A small-town Kentucky singer-songwriter who actually slept in the alleys of Nashville until he was "discovered" in 1991, Marty Brown records his own down-home songs in a voice that has drawn comparisons to the legendary Hank Williams, Sr., and country pioneer Jimmie Rodgers. At a time when the country music industry has attempted to lure new listeners by offering rock- and pop-flavored artists, Brown has made no concessions in his traditional music. Instead, he has taken his particular sound to the people who appreciate it most, performing live at small venues throughout the South and Midwest. Dallas Morning News music critic Michael Corcoran wrote: "Make no mistake about it.... The pride of Maceo, Kentucky, is one heck of a country singer.... Brown sings like he's on a front porch at the end of six miles of dirt road. He's the real thing."

The story of Marty Brown's climb to success is one of the most notable in recent memory. The young artist has estimated that he made more than 100 trips from his small Kentucky hometown to Nashville's fabled Music Row before any industry executives agreed to listen to him. "Used to be that country music did nothing more than make me a good mechanic," Brown told the Lexington Herald-Leader. "I'm used to driving $200 cars and then working on them myself." Now, thanks to exposure on the CBS television show 48 Hours and articles in the pages of People magazine, Brown has found a national audience, released three albums with MCA Records, and received effusive reviews in the Washington Post and Rolling Stone. "What's happening now is simply wild," he told the Lexington Herald-Leader. "It's more than I ever dreamed of."

Marty Brown was born and raised in the tiny hamlet of Maceo, Kentucky (pronounced "May-see-o," population 500). One of six children of a factory worker and a homemaker, he was surrounded by a variety of musical influences. His parents liked traditional country music and early Elvis Presley tunes; his older brother preferred hard rock. From infancy, Brown was completely devoted to country music himself. He learned how to play his father's guitar at the age of nine and began composing his own songs in his teens. "Country music that's good country music--it don't never die," Brown told the Los Angeles Times. "That's what I chose to listen to: early Johnny Cash, early Elvis Presley, Hank Sr., George Jones, Merle Haggard, and my biggest influence, [pop duo] the Everly Brothers."

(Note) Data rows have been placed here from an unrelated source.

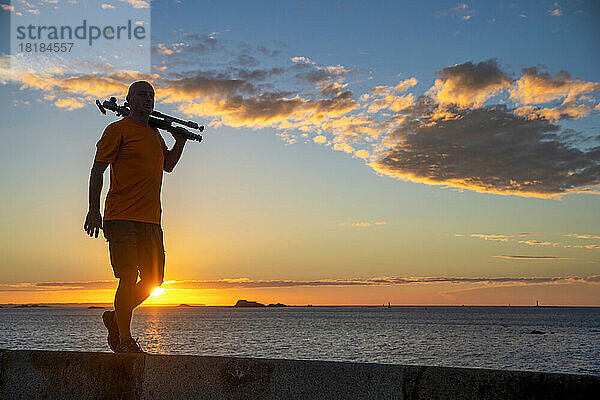 Reifer Mann läuft bei Sonnenuntergang mit Stativ auf dem Pier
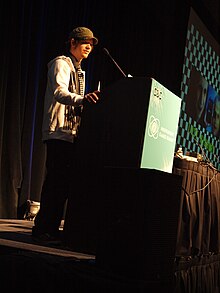 A 25-year-old Swedish man in a grey jacket, black pants, and green hat speaking at a conference.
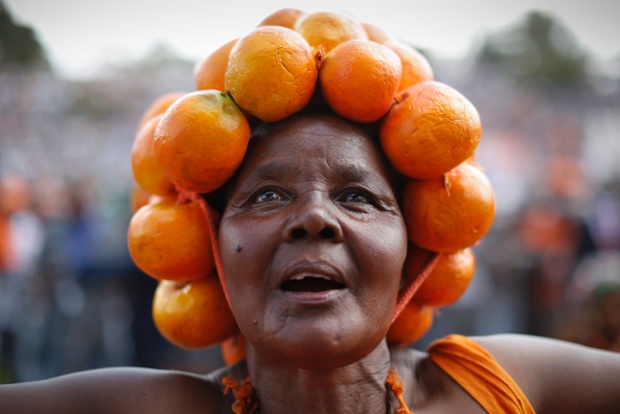 Nairobi, Kenya: A supporter of Raila Odinga, the leader of the Orange Democratic Movement (ODM), listens to Odinga's speech during the rally.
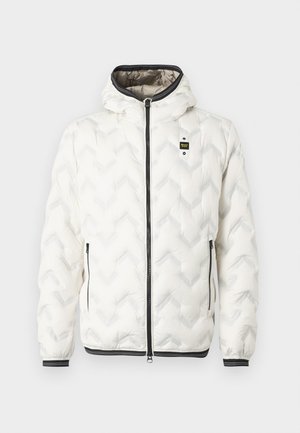 Jachetă puf albă cu glugă, având un model quiltat în zigzag, fermoar negru și manșete cu dungi albe. Design ușor și izolat.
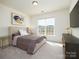 Bright bedroom with a large window, neutral-toned walls, carpet, and stylish furnishings at 611 Yucatan Dr, Waxhaw, NC 28173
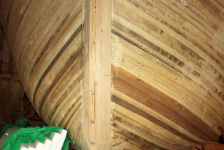 661: Bernard Mulrooney's new 38' long boat under construction in the boathouse by the lift bridge  in Placentia. (2004)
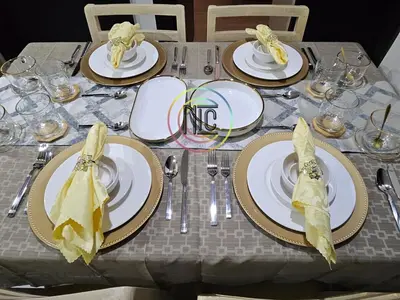a table with white plates and napkins on it at Cozy 2BR UnitN Free Pool Gym with Karaoke Netflix in Manila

Brown would shut himself in the bathroom to tape-record songs he had written. He was convinced that they were as good as any he heard on the radio and that, with proper instrumental backup, he could perform them and become a star. By the time he graduated from high school, he had consigned dozens of original songs to tape. "I used to cry myself to sleep at night wanting this to happen to me," he told the Philadelphia Inquirer. "I think if the Lord sees you want something bad enough, He's going to reach down and He's going to help you achieve it. But you have to really prove yourself first."

The trips to Nashville began. Brown, who was supporting a wife and two young children on what he could earn as a plumber's assistant and part-time mechanic, spent his spare time knocking on doors in Nashville, trying to get an agent, a recording contract, or even a dependable performing gig. No one was interested. At home in Kentucky he entered a talent show sponsored by the Everly Brothers--and lost. Time after time Brown found himself penniless and ignored, sleeping in Nashville's alleys while waiting for his mother to come drive him home to Kentucky. "Man, I'd come back from those failed trips [to Nashville] like a dog with a tail between his legs," Brown recalled in the Lexington Herald-Leader. "I'd throw that old guitar down that night and say I'd never mess with it again. But in the morning, I'd be up writing a new song again."

After one particular day of pavement-pounding in Nashville, Brown was ready to give up completely. Trudging down the sidewalk, he saw the words "Trust Jesus" scrawled on the sidewalk in front of a firm that represents songwriters. "I looked up at the sky and just took me a deep breath and I went in there," Brown told USA Today. An agent listened to him perform eight songs and agreed to try to find him a recording contract. Then, in a bizarre twist of fate, Brown found himself the subject of a CBS-TV news documentary on country music that was broadcast on 48 Hours, a popular newsmagazine anchored by Dan Rather. The show gave Brown ample room to demonstrate not only his songwriting talent but also his engaging, down-home personality. After the show aired, Nashville's biggest record companies engaged in a bidding war to sign the would-be country star.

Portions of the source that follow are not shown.